In [1]:
import findspark
findspark.init()

In [2]:
from pyspark.sql import SparkSession
from pyspark.sql.functions import count, min, max, avg, col, lit, udf

In [3]:
spark = SparkSession.builder.appName('DataframeProject').getOrCreate()

In [4]:
df = spark.read.options(inferSchema='True', header='True').csv('data/OfficeDataProject.csv')
df.printSchema()
df.show()

root
 |-- employee_id: integer (nullable = true)
 |-- employee_name: string (nullable = true)
 |-- department: string (nullable = true)
 |-- state: string (nullable = true)
 |-- salary: integer (nullable = true)
 |-- age: integer (nullable = true)
 |-- bonus: integer (nullable = true)

+-----------+-------------------+----------+-----+------+---+-----+
|employee_id|      employee_name|department|state|salary|age|bonus|
+-----------+-------------------+----------+-----+------+---+-----+
|       1000|          Nitz Leif| Marketing|   CA|  6131| 26|  543|
|       1001|    Melissia Dedman|   Finance|   AK|  4027| 43| 1290|
|       1002|  Rudolph Barringer|        HR|   LA|  3122| 43| 1445|
|       1003|        Tamra Amber|  Accounts|   AK|  5717| 47| 1291|
|       1004|        Mullan Nitz|Purchasing|   CA|  5685| 34| 1394|
|       1005|      Zollner Karie|  Accounts|   CA|  2843| 27| 1078|
|       1006|Kaczorowski Zollner|     Sales|   CA|  7201| 21| 1834|
|       1007|      Nakano Locust|

#### Total Employees in the company

In [5]:
df.count()

1000

#### Total Departments in the company

In [6]:
df.select('department').distinct().count()

6

#### Departments in the company

In [7]:
df.select('department').distinct().show()

+----------+
|department|
+----------+
|     Sales|
|        HR|
|   Finance|
|Purchasing|
| Marketing|
|  Accounts|
+----------+



#### Employees in each department

In [8]:
df.groupBy('department').agg(count('employee_id').alias('total_Employee')).distinct().show()

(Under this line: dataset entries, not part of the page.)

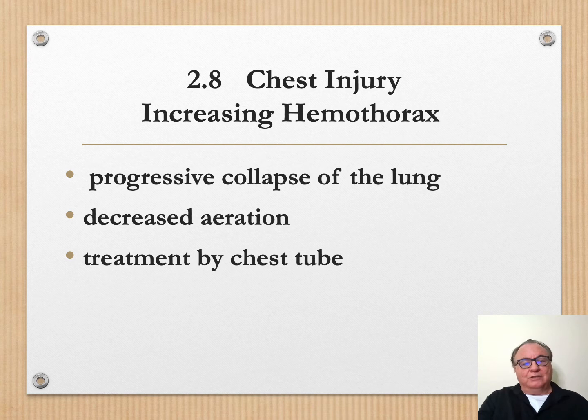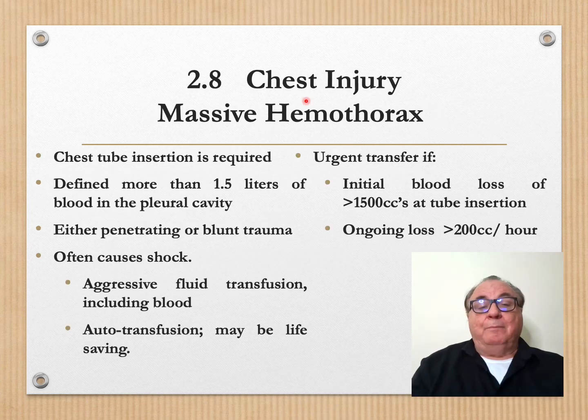Increasing hemothorax causes progressive collapse of the lung and decreased aeration, and is treated by chest tube. Massive hemothorax — you insert your chest tube and there's more than one and a half liters of blood in the pleural cavity. This causes shock and requires aggressive fluid transfusion including blood. Autotransfusion — taking the blood from the pleural cavity and returning it to the patient — is often life-saving. Urgent transfer is necessary if 1500 cc's are found at tube insertion or if there is an ongoing loss of greater than 200 cc's every hour.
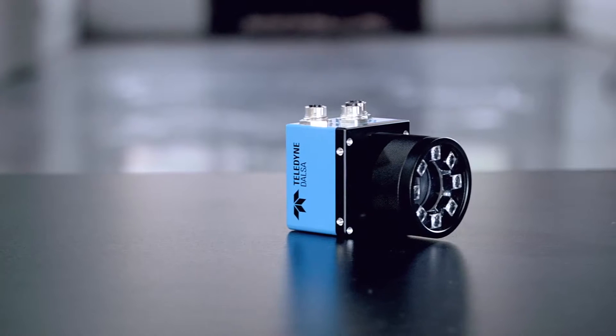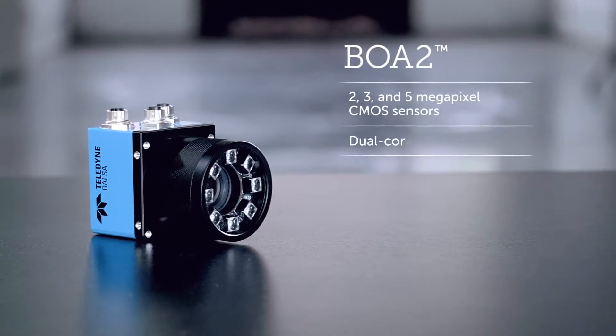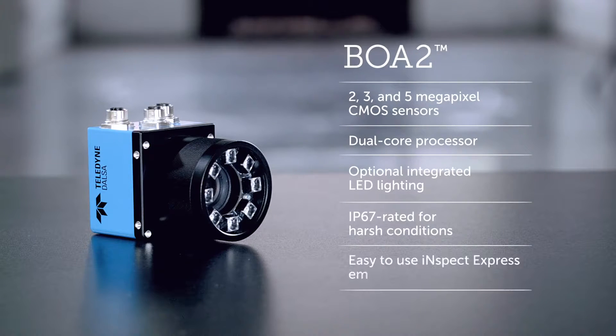It's built for factory automation. The BOA2 bundles a high-resolution CMOS sensor, dual-core processing power, and optional integrated lighting. Onboard, the BOA2 has easy embedded vision software — no coding required. It also has flexible I/O that can easily connect to and control the systems and robots in your factory today, as well as the ones you'll use tomorrow.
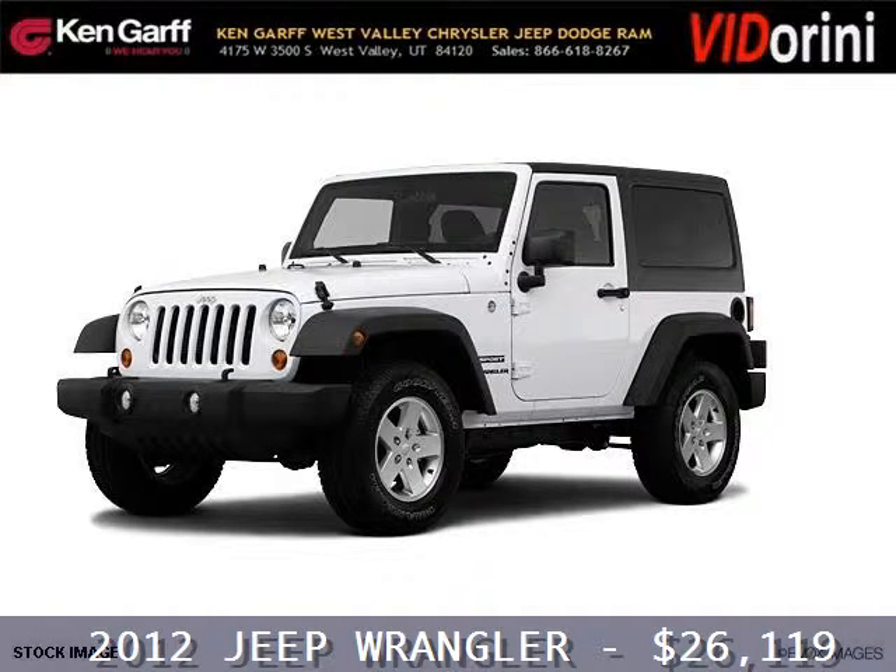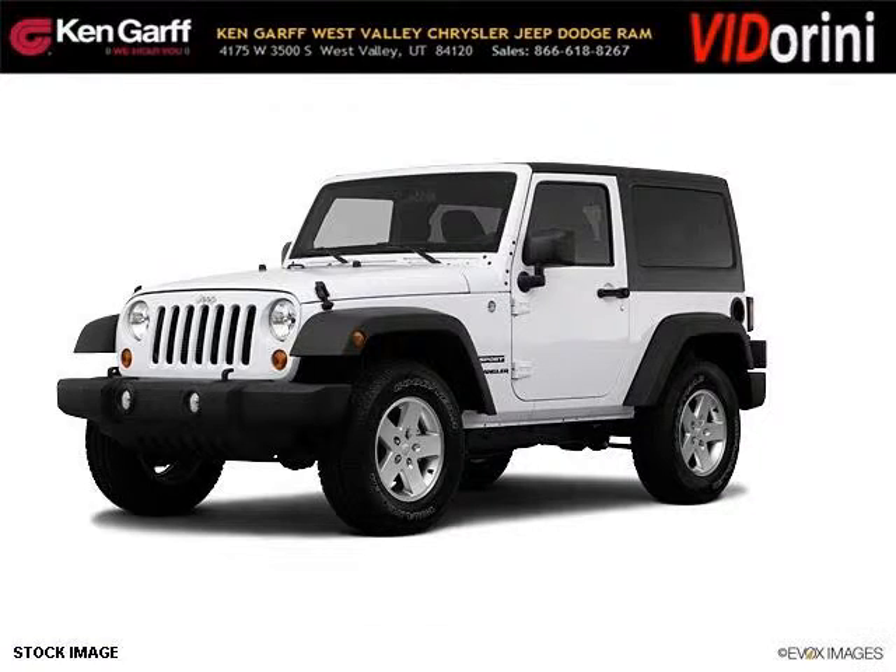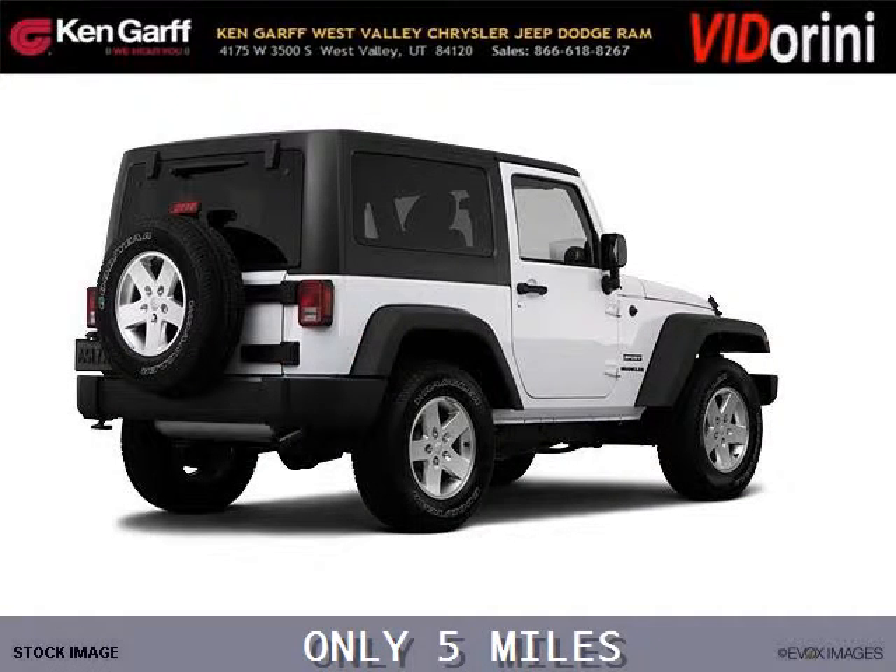Do you want to stretch your purchasing power? Well, take a look at this outstanding 2012 Jeep Wrangler. This Wrangler would look so much better with you behind the wheel instead of sitting on our lot.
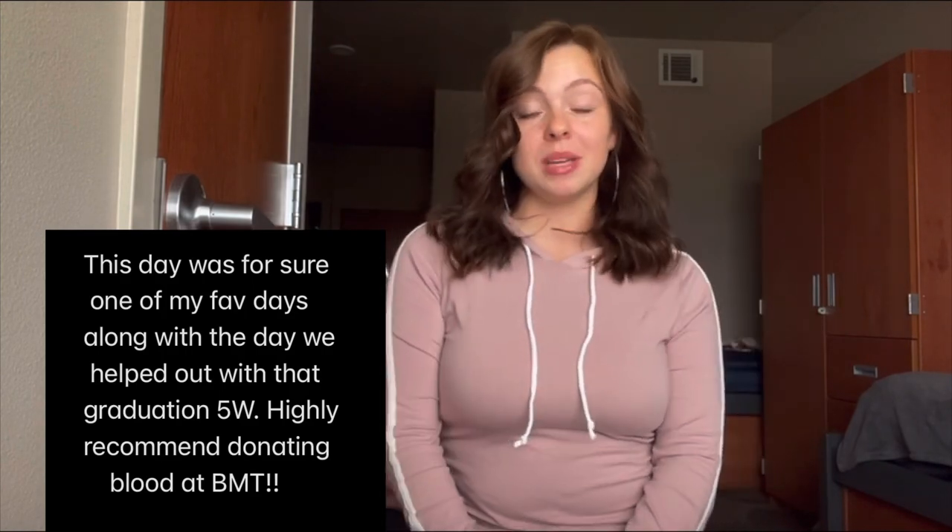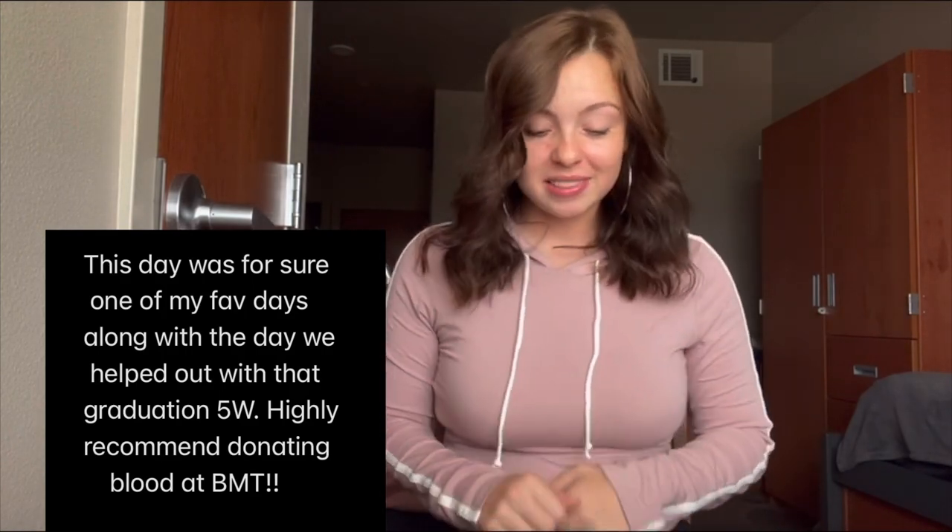Saturday was our last Saturday as trainees, our last weekend at BMT — we were so excited. We had a 0530 wake-up. Out of the four flights in our stairwell, two of them were scheduled to do blood donations that day. The other flights were scheduled for the Thursday or Friday we got back from Beast. A lot of people didn't end up doing it then because everyone was just tired.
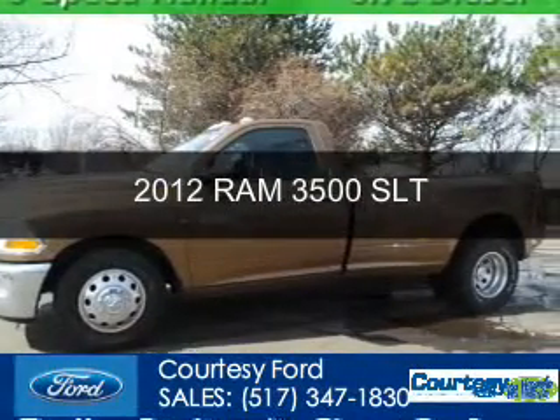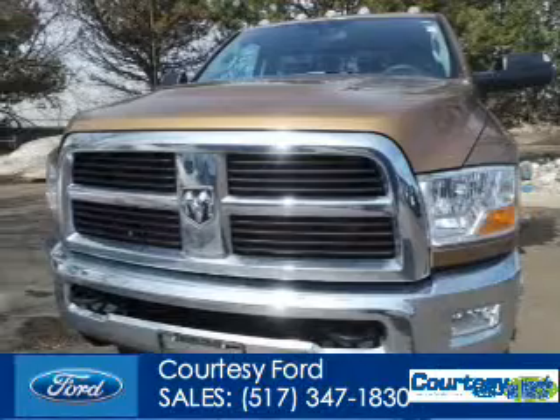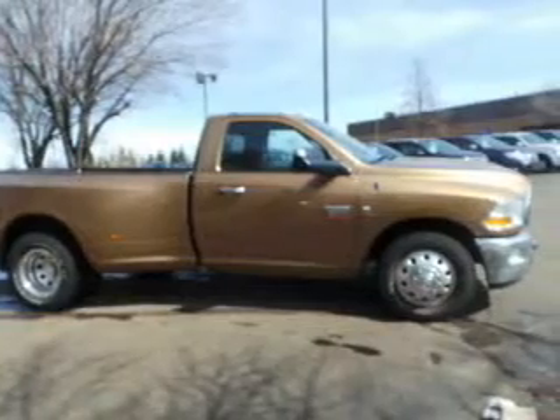This is a used 2012 Ram 3500, powered by rear wheel drive, a 6.7 liter 6-cylinder engine, and a manual transmission.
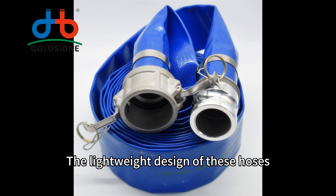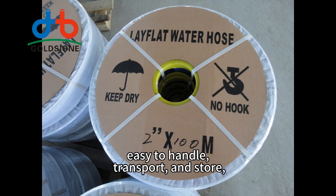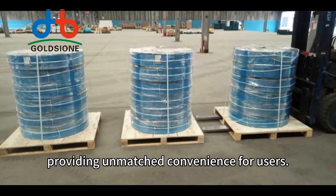The lightweight design of these hoses makes them easy to handle, transport, and store, providing maximum convenience for users.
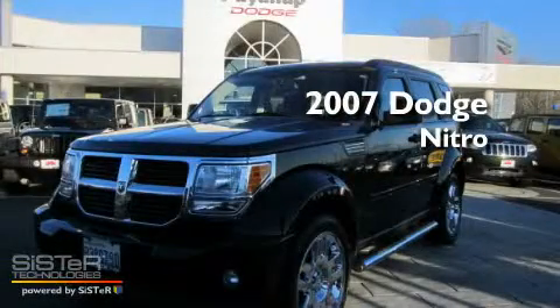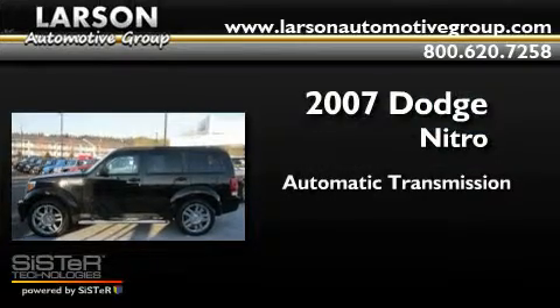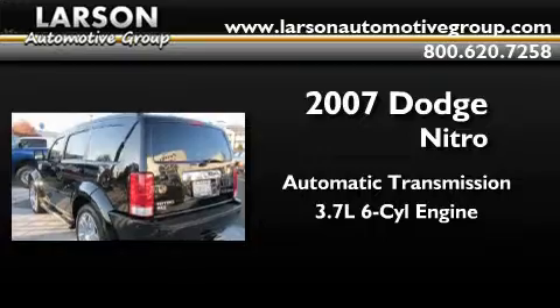This is a 2007 Dodge Nitro. This SUV has an automatic transmission, a 3.7 liter V6, and the added safety and control of four-wheel drive.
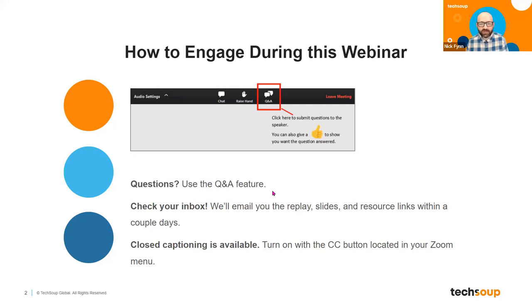Welcome to today's new member orientation. I know that not everybody on this webinar has used TechSoup before, although there are some folks who have a relationship with us that goes back for some time. In either case, today is to help you understand how TechSoup can best help you, tell you a little bit more about us, and what are the best paths to engage with us and how we can be of service to your nonprofit.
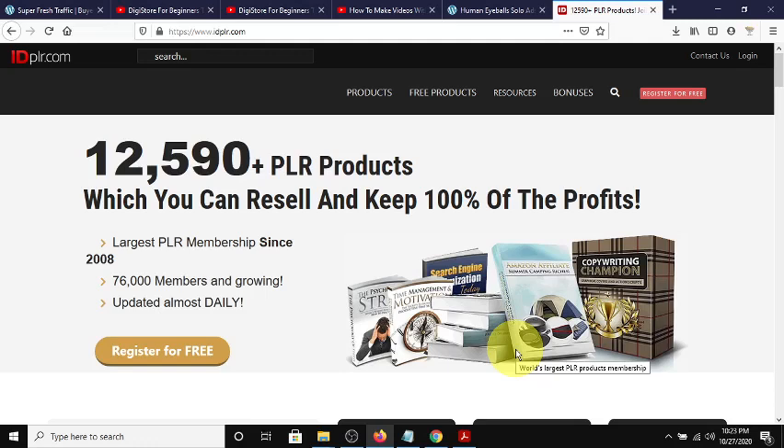Hey guys, Steve here. Today I wanted to get on real quick and show you a method or a strategy to always have content in a way that you can grow your YouTube channel and also your blogs or your social media profile. I'm going to show you two different platforms.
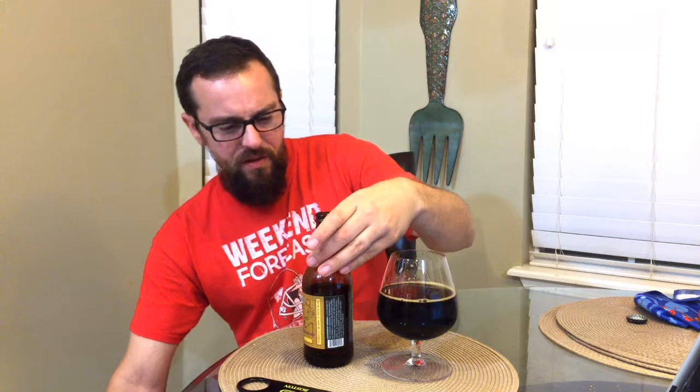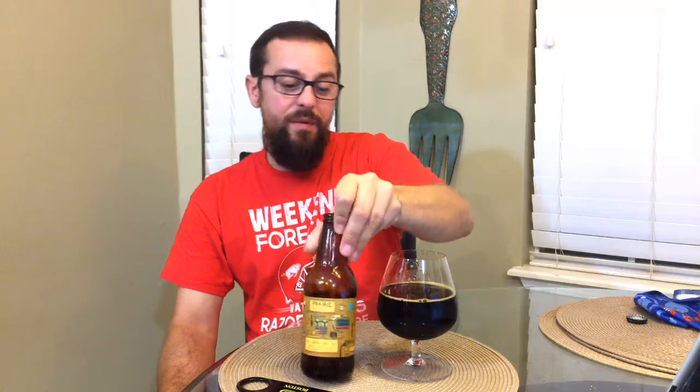Oh yeah, this thing is gnarly. Butterscotch, Werther's Original — I mean that's immediately what I taste. It's like if Werther's were put in liquid form, this is it. It's that creamy, that much toffee, that much sticky stickiness on your tongue.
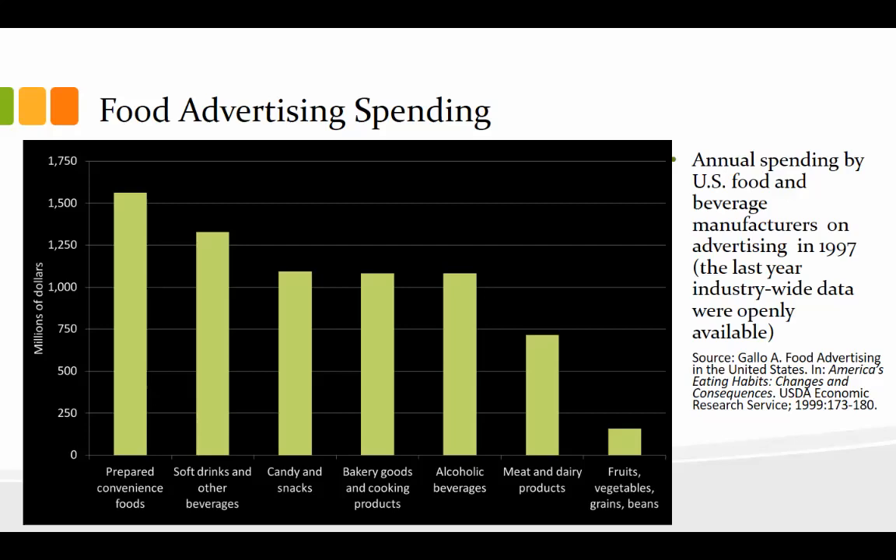Think about Super Bowl commercials — how many of these categories do you see in there? That's a huge one. There's tons of spending in the Super Bowl. Then you get to the things we're actually supposed to be eating — the ones that are part of a regular diet. Meat and dairy products have just shy of $750 million. And then the advertising for fruits, vegetables, grains, and beans — that's actually less than $250 million in ads.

+----------+--------------+
|department|total_Employee|
+----------+--------------+
|     Sales|           169|
|        HR|           171|
|   Finance|           162|
|Purchasing|           166|
| Marketing|           170|
|  Accounts|           162|
+----------+--------------+



#### Employee in each states

In [9]:
df.groupBy('state').agg(count('employee_id').alias('total_emp')).show()

+-----+---------+
|state|total_emp|
+-----+---------+
|   LA|      205|
|   CA|      205|
|   WA|      208|
|   NY|      173|
|   AK|      209|
+-----+---------+



#### Employee in each state and department

In [10]:
df.groupBy('state','department').agg(count('employee_id').alias('total_emp')).orderBy('state').show()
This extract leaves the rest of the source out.